▶ [Dataset content]:
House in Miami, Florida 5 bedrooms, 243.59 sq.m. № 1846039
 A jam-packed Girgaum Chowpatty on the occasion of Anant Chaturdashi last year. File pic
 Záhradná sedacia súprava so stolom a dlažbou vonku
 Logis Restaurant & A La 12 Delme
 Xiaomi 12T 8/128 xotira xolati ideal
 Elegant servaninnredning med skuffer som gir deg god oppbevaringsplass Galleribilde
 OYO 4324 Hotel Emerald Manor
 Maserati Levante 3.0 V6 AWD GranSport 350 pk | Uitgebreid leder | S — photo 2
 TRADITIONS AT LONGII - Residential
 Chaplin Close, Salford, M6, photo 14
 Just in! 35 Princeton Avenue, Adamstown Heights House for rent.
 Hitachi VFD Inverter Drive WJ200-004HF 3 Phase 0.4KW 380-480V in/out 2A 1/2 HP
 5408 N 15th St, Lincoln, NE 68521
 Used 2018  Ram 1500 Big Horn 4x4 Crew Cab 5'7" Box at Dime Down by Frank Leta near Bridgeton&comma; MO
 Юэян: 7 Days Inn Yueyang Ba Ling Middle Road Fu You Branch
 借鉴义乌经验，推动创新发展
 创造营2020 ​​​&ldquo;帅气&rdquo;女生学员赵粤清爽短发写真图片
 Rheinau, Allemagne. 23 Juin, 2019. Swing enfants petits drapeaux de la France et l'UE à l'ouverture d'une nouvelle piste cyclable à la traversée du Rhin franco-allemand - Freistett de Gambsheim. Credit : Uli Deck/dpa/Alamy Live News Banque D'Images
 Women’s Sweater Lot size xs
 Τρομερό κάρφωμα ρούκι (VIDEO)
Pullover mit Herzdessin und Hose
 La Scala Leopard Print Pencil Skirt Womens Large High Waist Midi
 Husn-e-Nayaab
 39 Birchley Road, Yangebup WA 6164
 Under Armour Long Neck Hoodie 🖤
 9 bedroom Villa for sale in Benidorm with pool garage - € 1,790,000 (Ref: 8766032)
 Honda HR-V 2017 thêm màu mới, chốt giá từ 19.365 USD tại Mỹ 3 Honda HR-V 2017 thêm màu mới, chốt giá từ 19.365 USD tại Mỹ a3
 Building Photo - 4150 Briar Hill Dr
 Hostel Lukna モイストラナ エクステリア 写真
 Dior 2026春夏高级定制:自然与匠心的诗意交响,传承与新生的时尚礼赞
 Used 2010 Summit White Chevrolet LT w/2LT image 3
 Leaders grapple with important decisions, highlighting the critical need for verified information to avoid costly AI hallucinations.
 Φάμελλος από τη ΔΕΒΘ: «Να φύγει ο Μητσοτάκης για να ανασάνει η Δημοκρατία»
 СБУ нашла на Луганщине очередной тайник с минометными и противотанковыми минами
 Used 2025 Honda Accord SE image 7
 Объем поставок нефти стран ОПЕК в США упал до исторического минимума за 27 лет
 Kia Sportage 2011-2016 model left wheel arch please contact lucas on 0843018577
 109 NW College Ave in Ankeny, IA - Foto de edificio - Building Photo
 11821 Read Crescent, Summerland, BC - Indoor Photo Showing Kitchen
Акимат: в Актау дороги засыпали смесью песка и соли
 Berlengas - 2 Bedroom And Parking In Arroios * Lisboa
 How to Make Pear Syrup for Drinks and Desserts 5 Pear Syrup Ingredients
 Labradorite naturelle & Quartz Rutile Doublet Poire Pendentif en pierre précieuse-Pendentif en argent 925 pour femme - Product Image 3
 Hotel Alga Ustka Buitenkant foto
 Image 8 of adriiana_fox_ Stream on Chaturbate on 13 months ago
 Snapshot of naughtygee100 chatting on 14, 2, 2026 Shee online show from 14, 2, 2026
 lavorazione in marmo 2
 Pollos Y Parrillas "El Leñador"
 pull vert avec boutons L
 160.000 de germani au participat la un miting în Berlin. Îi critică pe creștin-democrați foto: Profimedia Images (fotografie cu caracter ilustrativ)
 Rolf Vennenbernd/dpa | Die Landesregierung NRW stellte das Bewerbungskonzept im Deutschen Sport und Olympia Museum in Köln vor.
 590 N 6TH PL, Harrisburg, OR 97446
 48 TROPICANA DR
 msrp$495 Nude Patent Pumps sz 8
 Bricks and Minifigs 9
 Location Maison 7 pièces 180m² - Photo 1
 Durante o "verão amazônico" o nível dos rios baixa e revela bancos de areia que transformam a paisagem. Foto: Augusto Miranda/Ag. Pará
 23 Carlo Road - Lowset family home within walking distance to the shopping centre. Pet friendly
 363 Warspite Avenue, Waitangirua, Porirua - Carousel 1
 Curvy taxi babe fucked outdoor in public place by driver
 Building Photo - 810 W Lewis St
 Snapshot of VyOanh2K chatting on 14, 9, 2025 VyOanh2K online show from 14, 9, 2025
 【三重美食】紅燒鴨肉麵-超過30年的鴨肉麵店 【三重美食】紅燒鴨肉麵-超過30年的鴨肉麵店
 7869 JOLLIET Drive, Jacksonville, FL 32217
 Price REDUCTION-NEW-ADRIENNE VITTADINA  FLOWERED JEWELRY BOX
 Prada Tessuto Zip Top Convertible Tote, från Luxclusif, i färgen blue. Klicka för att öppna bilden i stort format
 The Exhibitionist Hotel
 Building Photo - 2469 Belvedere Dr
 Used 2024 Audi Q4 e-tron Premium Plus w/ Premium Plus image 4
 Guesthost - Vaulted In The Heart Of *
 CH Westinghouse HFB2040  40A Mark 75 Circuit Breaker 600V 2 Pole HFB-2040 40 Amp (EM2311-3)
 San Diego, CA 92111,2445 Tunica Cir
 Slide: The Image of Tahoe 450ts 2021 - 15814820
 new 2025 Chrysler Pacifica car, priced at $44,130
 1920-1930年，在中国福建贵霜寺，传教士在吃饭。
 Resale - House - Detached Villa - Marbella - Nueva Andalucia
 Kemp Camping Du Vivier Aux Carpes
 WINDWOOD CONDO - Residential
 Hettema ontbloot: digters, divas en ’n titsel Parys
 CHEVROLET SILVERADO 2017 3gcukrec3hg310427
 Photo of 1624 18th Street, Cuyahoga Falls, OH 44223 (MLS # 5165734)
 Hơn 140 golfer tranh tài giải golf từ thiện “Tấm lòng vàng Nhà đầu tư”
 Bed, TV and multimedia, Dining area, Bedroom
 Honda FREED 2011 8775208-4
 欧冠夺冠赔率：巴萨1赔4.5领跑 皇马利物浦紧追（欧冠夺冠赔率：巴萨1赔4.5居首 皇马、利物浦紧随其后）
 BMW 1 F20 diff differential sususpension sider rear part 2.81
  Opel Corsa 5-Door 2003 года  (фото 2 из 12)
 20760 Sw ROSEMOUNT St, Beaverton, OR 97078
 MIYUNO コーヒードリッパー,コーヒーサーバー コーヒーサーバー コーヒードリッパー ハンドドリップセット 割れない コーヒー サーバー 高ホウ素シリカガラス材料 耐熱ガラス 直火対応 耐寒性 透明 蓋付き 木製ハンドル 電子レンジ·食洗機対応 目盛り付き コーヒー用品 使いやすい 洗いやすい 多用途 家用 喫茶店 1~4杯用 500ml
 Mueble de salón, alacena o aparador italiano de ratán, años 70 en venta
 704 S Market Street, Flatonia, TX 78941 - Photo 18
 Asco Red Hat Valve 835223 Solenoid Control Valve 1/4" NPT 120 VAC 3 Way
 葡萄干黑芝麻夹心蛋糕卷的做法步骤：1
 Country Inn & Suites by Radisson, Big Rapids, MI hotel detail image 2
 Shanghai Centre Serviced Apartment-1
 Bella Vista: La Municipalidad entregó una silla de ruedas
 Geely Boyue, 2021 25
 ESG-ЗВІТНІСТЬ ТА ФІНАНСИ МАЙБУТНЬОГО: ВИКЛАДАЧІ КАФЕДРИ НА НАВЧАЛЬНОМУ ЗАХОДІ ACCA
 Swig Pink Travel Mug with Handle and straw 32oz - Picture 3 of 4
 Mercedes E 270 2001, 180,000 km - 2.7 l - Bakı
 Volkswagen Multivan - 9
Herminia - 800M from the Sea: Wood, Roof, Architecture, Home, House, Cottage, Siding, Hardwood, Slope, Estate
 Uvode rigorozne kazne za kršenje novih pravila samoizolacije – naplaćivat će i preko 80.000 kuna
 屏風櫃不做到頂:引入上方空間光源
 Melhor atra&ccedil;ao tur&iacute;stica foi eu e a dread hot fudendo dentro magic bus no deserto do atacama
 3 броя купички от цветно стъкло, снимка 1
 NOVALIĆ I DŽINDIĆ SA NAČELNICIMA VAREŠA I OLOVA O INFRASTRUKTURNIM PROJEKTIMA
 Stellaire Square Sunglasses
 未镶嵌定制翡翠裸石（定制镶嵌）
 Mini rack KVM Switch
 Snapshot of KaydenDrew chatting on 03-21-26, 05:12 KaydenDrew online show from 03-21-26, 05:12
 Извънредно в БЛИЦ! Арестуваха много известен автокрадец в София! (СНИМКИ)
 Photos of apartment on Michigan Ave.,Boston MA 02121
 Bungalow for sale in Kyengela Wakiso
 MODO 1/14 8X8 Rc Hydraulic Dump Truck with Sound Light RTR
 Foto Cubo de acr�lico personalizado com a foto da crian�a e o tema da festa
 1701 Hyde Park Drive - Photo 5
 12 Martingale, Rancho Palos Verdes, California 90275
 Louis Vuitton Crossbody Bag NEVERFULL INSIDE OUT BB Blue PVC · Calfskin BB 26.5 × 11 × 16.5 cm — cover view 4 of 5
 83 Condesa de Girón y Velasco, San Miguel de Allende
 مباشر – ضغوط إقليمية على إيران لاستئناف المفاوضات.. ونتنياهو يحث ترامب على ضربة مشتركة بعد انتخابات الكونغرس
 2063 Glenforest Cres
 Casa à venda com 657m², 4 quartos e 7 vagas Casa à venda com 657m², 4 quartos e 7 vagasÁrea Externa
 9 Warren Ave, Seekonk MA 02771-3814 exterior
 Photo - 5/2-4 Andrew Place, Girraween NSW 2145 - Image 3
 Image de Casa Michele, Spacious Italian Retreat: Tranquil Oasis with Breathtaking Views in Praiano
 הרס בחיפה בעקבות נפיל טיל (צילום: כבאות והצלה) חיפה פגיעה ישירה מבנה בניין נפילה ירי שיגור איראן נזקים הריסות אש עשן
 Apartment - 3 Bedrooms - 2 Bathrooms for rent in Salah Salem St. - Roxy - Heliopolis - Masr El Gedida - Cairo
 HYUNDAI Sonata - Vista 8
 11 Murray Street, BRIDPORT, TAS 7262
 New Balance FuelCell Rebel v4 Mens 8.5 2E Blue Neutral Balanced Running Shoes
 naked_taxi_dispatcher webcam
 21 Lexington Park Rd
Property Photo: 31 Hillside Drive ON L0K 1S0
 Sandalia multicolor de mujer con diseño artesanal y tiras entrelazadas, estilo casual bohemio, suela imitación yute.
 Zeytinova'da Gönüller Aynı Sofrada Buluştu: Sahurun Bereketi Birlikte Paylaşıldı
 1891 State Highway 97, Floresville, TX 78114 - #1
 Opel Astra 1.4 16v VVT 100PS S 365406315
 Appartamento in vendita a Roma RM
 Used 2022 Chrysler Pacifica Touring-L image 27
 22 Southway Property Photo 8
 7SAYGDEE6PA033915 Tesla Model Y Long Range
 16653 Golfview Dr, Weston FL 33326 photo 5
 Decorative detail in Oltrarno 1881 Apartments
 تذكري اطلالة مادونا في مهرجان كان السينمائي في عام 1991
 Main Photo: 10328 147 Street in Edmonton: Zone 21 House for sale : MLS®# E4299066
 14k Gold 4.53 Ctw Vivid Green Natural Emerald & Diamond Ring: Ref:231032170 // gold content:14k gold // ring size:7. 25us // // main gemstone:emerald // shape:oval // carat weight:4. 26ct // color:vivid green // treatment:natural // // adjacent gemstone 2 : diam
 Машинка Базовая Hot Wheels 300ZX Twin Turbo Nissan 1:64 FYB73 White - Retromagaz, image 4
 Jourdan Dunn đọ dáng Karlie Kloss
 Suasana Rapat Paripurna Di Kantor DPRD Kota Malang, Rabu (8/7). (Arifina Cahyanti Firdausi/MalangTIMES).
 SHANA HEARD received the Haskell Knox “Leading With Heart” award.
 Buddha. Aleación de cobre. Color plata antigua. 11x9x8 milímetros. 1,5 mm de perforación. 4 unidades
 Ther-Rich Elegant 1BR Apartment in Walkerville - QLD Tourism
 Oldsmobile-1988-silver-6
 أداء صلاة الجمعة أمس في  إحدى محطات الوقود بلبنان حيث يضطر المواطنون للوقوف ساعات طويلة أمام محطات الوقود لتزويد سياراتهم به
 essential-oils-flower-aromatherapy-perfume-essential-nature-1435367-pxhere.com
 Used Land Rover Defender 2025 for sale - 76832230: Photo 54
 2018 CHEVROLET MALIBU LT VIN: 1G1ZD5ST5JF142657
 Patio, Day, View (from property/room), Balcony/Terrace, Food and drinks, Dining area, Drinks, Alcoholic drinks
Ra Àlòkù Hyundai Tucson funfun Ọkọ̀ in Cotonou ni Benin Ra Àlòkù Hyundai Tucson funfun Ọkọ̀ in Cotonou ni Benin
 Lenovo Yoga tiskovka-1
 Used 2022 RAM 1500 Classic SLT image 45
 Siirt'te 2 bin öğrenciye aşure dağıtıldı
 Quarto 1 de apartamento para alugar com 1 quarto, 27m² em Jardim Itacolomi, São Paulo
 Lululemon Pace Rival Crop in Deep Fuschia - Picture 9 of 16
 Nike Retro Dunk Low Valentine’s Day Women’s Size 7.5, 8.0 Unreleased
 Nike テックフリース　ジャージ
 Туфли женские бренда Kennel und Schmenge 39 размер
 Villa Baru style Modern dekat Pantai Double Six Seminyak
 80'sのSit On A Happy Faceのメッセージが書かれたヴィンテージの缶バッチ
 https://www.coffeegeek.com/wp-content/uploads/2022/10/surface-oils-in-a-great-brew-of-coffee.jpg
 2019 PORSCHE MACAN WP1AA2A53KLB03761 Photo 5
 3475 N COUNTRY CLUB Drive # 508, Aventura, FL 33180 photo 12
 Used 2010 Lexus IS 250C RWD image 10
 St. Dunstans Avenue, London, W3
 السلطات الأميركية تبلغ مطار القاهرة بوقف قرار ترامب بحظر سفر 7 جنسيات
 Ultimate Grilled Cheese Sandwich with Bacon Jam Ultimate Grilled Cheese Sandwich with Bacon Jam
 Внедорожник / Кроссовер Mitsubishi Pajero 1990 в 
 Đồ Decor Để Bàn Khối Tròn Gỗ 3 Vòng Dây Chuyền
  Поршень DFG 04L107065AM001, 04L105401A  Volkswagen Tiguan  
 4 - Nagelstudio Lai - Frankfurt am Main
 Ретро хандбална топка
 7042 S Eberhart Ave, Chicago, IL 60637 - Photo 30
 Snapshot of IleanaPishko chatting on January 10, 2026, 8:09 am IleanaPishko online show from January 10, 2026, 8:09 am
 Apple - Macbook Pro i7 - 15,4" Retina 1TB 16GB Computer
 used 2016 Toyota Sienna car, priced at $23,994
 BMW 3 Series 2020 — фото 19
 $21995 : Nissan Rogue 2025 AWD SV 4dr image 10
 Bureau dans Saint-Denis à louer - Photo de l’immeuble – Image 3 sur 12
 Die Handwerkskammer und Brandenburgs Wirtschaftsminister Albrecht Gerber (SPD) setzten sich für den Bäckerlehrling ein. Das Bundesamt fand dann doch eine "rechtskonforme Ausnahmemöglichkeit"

▶ [What this task involves]:
Look above for the line holding "2018 CHEVROLET MALIBU". Print it and every line after it, exactly, through the line holding "Snapshot of IleanaPishko".

▶ [Answer space]:
 2018 CHEVROLET MALIBU LT VIN: 1G1ZD5ST5JF142657
 Patio, Day, View (from property/room), Balcony/Terrace, Food and drinks, Dining area, Drinks, Alcoholic drinks
Ra Àlòkù Hyundai Tucson funfun Ọkọ̀ in Cotonou ni Benin Ra Àlòkù Hyundai Tucson funfun Ọkọ̀ in Cotonou ni Benin
 Lenovo Yoga tiskovka-1
 Used 2022 RAM 1500 Classic SLT image 45
 Siirt'te 2 bin öğrenciye aşure dağıtıldı
 Quarto 1 de apartamento para alugar com 1 quarto, 27m² em Jardim Itacolomi, São Paulo
 Lululemon Pace Rival Crop in Deep Fuschia - Picture 9 of 16
 Nike Retro Dunk Low Valentine’s Day Women’s Size 7.5, 8.0 Unreleased
 Nike テックフリース　ジャージ
 Туфли женские бренда Kennel und Schmenge 39 размер
 Villa Baru style Modern dekat Pantai Double Six Seminyak
 80'sのSit On A Happy Faceのメッセージが書かれたヴィンテージの缶バッチ
 https://www.coffeegeek.com/wp-content/uploads/2022/10/surface-oils-in-a-great-brew-of-coffee.jpg
 2019 PORSCHE MACAN WP1AA2A53KLB03761 Photo 5
 3475 N COUNTRY CLUB Drive # 508, Aventura, FL 33180 photo 12
 Used 2010 Lexus IS 250C RWD image 10
 St. Dunstans Avenue, London, W3
 السلطات الأميركية تبلغ مطار القاهرة بوقف قرار ترامب بحظر سفر 7 جنسيات
 Ultimate Grilled Cheese Sandwich with Bacon Jam Ultimate Grilled Cheese Sandwich with Bacon Jam
 Внедорожник / Кроссовер Mitsubishi Pajero 1990 в 
 Đồ Decor Để Bàn Khối Tròn Gỗ 3 Vòng Dây Chuyền
  Поршень DFG 04L107065AM001, 04L105401A  Volkswagen Tiguan  
 4 - Nagelstudio Lai - Frankfurt am Main
 Ретро хандбална топка
 7042 S Eberhart Ave, Chicago, IL 60637 - Photo 30
 Snapshot of IleanaPishko chatting on January 10, 2026, 8:09 am IleanaPishko online show from January 10, 2026, 8:09 am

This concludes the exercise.